■ **WORK TO COMPLETE**
Search the entries for the word "between" and pull out each line that has it.

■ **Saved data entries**
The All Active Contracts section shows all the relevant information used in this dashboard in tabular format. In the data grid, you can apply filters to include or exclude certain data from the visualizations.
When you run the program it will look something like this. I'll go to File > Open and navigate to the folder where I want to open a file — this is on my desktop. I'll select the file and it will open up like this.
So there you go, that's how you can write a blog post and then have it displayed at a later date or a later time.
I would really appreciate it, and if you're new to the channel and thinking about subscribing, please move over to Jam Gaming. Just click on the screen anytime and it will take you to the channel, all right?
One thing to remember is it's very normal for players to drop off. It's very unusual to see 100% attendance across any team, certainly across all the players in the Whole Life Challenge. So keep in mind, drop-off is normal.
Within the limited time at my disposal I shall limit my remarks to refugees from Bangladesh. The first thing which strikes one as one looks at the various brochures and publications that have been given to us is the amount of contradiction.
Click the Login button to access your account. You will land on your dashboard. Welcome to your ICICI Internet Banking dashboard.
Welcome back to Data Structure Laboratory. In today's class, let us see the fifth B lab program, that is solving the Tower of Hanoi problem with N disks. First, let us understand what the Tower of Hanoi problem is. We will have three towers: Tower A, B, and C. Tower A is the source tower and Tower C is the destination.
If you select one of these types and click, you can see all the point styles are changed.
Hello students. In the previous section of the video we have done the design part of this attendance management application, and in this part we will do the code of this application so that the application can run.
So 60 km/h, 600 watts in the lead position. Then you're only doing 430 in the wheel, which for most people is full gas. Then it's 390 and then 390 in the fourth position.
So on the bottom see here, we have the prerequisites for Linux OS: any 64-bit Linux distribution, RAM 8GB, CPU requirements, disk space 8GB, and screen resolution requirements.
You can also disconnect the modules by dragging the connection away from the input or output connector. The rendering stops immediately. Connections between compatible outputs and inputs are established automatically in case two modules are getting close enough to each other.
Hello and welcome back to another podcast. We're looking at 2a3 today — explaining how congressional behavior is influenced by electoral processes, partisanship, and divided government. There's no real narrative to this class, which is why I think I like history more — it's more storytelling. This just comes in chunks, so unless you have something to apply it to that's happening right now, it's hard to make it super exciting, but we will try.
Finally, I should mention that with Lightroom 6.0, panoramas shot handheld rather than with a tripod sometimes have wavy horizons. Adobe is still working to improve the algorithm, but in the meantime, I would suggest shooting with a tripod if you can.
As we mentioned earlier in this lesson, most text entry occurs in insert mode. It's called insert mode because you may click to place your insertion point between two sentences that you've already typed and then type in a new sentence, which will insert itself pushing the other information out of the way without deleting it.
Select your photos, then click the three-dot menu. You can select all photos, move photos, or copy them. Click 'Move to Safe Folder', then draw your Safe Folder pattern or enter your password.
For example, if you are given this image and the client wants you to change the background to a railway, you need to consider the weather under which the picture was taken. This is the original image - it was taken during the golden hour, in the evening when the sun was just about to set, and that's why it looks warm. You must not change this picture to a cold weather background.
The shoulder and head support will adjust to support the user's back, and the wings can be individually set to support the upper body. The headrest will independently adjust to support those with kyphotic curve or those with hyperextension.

■ **RESULT BELOW**
You can also disconnect the modules by dragging the connection away from the input or output connector. The rendering stops immediately. Connections between compatible outputs and inputs are established automatically in case two modules are getting close enough to each other.
As we mentioned earlier in this lesson, most text entry occurs in insert mode. It's called insert mode because you may click to place your insertion point between two sentences that you've already typed and then type in a new sentence, which will insert itself pushing the other information out of the way without deleting it.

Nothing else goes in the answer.